A PQO model would require schools and colleges to be available for longer during that crucial August period to support students as they receive offers, which would need significant investment from government. We know the vast majority of students rely on this support, with 85 per cent saying in our survey that they consulted with a teacher or adviser when making their university decisions, and two-thirds doing so on a regular basis.

And it will be important to preserve the benefits to applicants of a cross-UK model for university and college admissions without the burden of navigating multiple systems and making multiple applications. In 2020, 178k cross-border applications were made, and 30k UK students were accepted in a university not in their home nation. So collaboration between all four nations in bringing about any change would be crucial.

For nearly 30 years, UCAS has supported students across all four nations of the UK providing information, advice, and admissions services to enable young and mature individuals to progress to the next stage of their educational journey, with services spanning undergraduate, postgraduate, and apprenticeship pathways. Absolutely critical to our role is student choice, enabling fair admissions, putting applicants’ best interests at its heart and driving for better inclusivity, transparency and support, particularly for those individuals who might not have sufficient advice at home, school or college.

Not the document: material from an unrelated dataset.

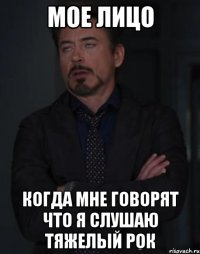 мое лицо когда мне говорят что я слушаю тяжелый рок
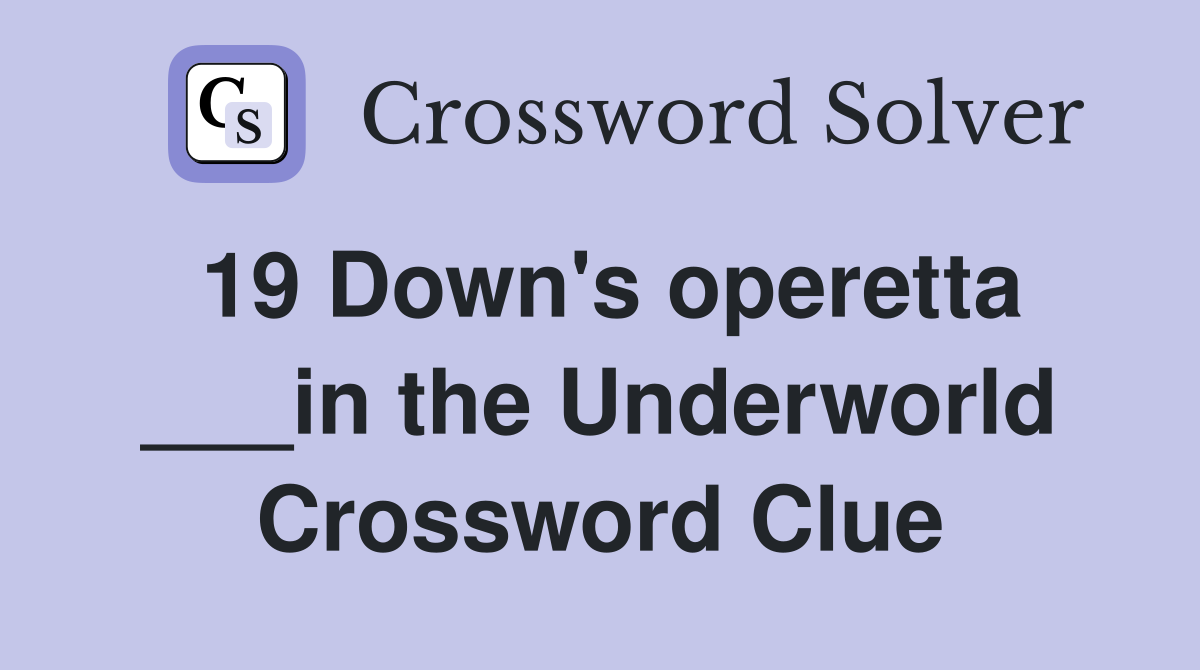 19 Down's operetta ___in the Underworld Crossword Clue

UCAS supports reform regardless of whether the overall model of HE admissions is changed. Over the years we have evolved the admissions service to better serve applicants and broaden participation, and we are committed to continue doing so. A drive to continuously transform the existing model can work to enable a fairer, more inclusive, transparent and easy to navigate model, particularly with recent strides forward in improving parity of alternative routes, such as apprenticeships, so that applicants can make well informed choices that they feel are right for them.

It is likely that the impact of the Covid-19 pandemic will continue for some years to come. Negating the effects of the pandemic will be the priority for all of us in the education sector, so there is no doubt that we should plan our next steps very carefully. As we emerge from two years of no exams and disrupted learning, we are strongly recommending a full consideration of the timing of any reform implementation.

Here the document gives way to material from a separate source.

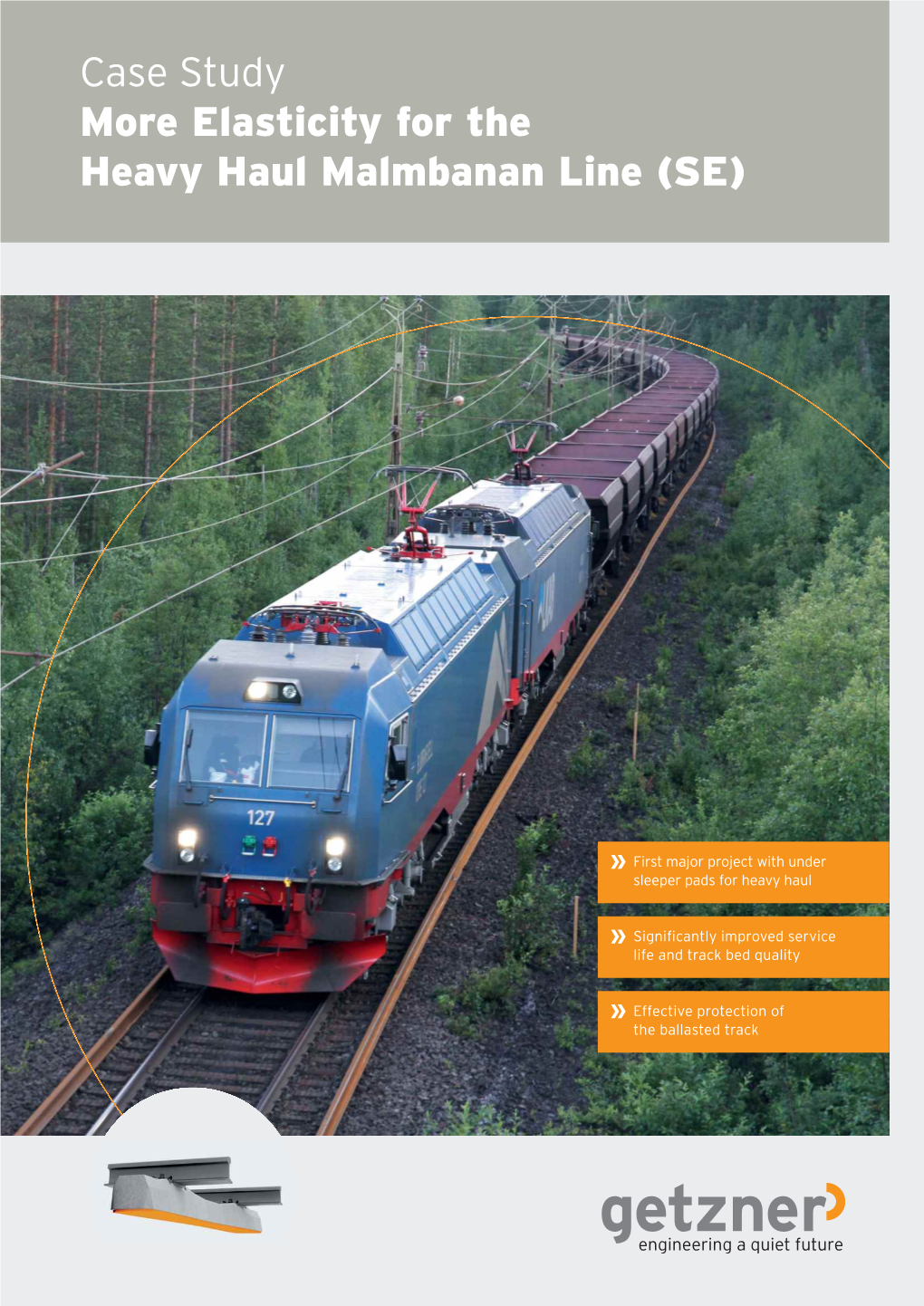 Case Study More Elasticity for the Heavy Haul Malmbanan Line (SE)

It is vital that any significant change to the overall model is confirmed far enough in advance so that applicants and teachers know the rules of the game and students can be adequately supported to navigate the changes.

3 responses to “UCAS cautiously recommends a move to post qualification offers

  1. This reads about as luke-warm an endorsement as UCAS felt it could give, politically. Or put another way, about as quiet a scream of warning as it felt it could issue. Note in particular the reference to drop-out rates. The UK’s completion rate is north of 70% across the sector – way above comparable countries with PQA where its well south of 40%. The statement “Consideration must be given to how international students apply to UK universities…” is one of the biggest under-statements ever made in a WONKHE posting. The financial consequences for international recruitment look horrific unless overseas students are treated completely separately. Loss of internationals would inevitably mean significant redundancies – something UCU should soon wake up to.

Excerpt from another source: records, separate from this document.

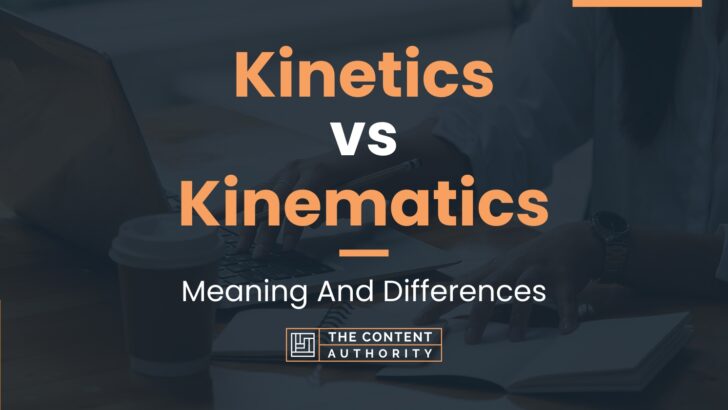 Kinetics vs Kinematics: Meaning And Differences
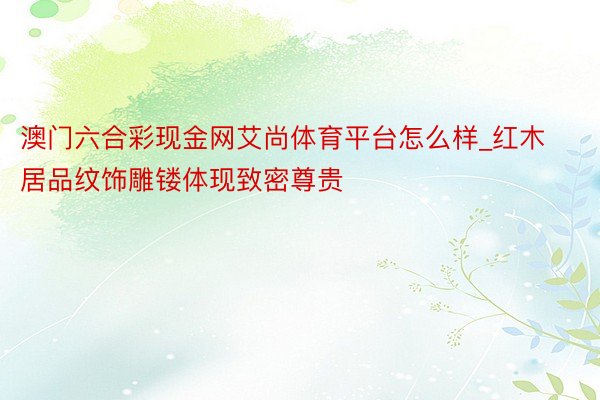 澳门六合彩现金网艾尚体育平台怎么样_红木居品纹饰雕镂体现致密尊贵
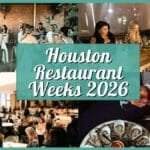 Houston Restaurant Weeks 2026: Early Reservation Guide & Insider Tips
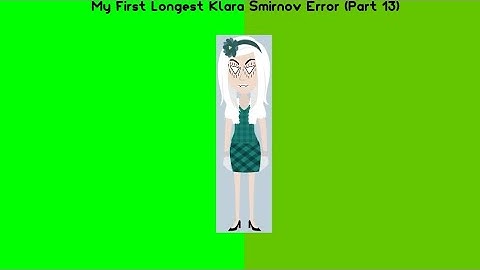 My First Longest Klara Smirnov Error (Part 13)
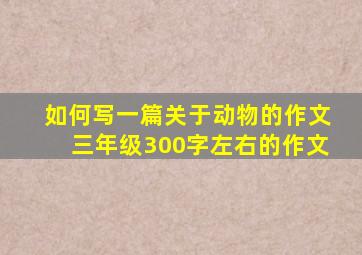 如何写一篇关于动物的作文三年级300字左右的作文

    1. Strange. How come it works in Ireland and has done so for many years? Google “CAO”.

  2. Ireland has higher dropout rates and poorer first year retention than the UK and there is serious concern about this, particularly in STEM subjects. The Union of Students an the Higher Education Authority, among others, have warned that the quick transition from CAO to higher education results in students starting their course without sufficient preparation and often ending up on the wrong course.